> TRY IT:
Print only the lines below from the one with "Fresh ripe mulberry berries on the branch Fresh" to the one with "アプリ「ツボマスター」の使用例画面", both included, exactly as they stand. Leave pictures out.

> EXERCISE DATA:

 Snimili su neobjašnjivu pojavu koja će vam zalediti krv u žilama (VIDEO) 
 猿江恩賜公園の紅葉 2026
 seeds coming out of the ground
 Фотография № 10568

---

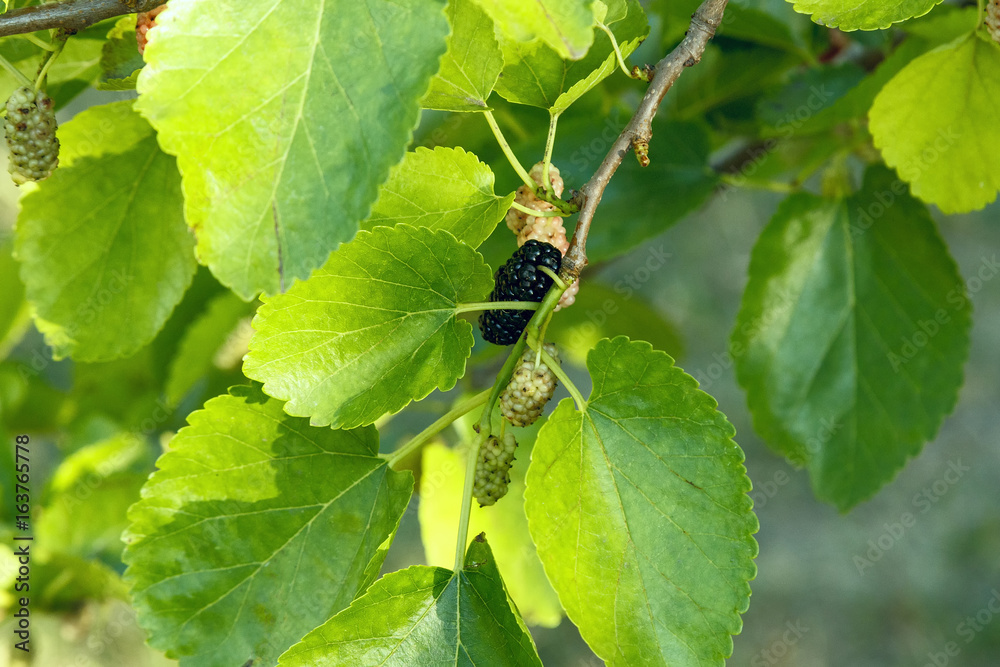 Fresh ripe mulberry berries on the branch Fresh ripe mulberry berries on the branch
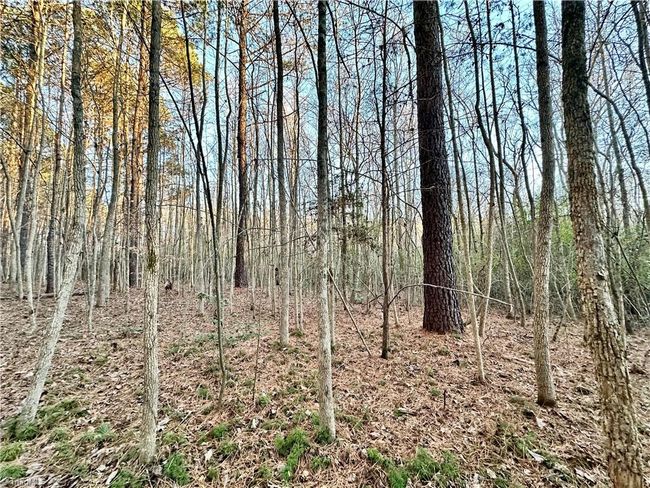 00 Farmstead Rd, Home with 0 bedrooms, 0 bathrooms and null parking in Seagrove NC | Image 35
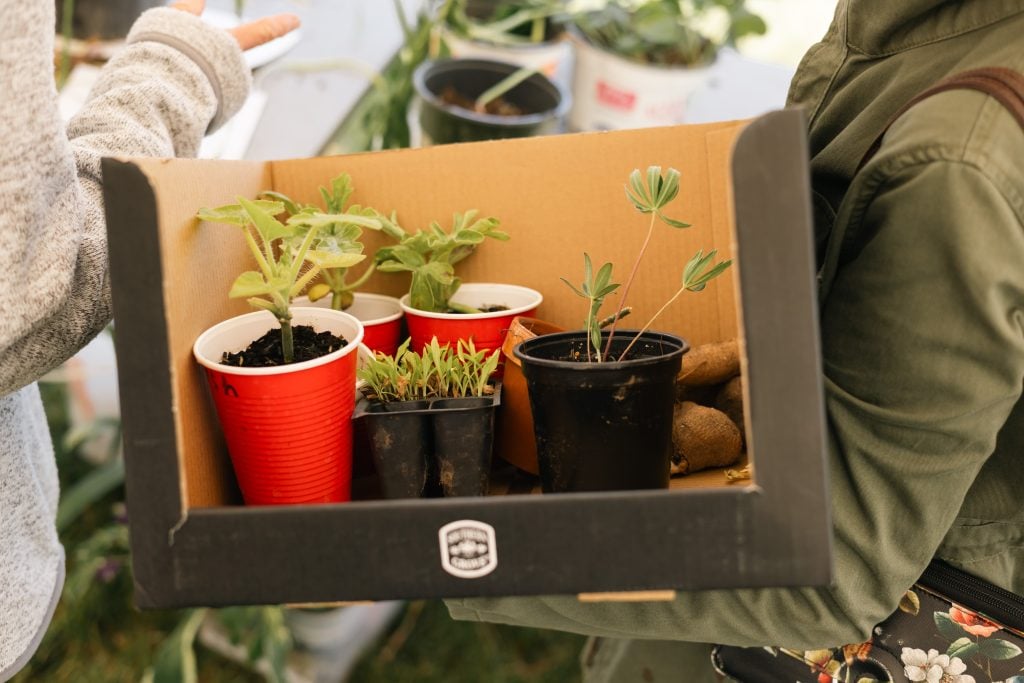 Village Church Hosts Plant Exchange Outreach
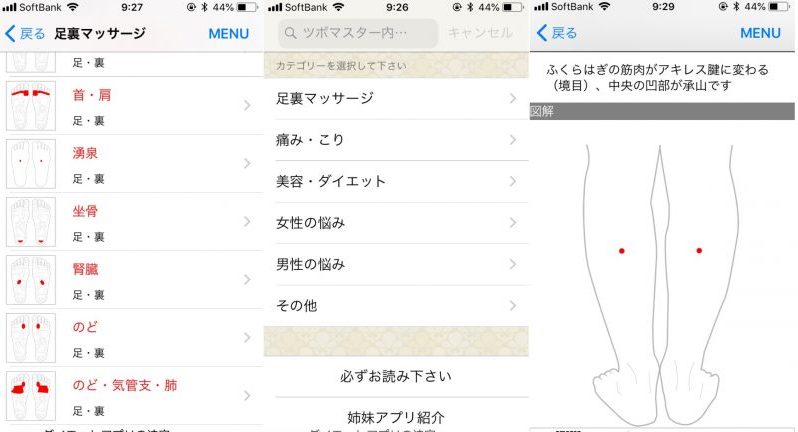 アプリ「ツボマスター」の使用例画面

--

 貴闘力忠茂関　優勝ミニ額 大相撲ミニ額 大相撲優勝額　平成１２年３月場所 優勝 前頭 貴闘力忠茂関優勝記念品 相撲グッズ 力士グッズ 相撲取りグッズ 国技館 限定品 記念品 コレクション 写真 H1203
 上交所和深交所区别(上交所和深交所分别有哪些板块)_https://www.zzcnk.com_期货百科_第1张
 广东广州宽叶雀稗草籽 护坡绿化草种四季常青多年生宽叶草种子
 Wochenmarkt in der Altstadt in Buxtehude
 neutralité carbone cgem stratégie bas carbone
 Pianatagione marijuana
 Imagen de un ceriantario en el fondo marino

> THE ANSWER:
 Fresh ripe mulberry berries on the branch Fresh ripe mulberry berries on the branch
 00 Farmstead Rd, Home with 0 bedrooms, 0 bathrooms and null parking in Seagrove NC | Image 35
 Village Church Hosts Plant Exchange Outreach
 アプリ「ツボマスター」の使用例画面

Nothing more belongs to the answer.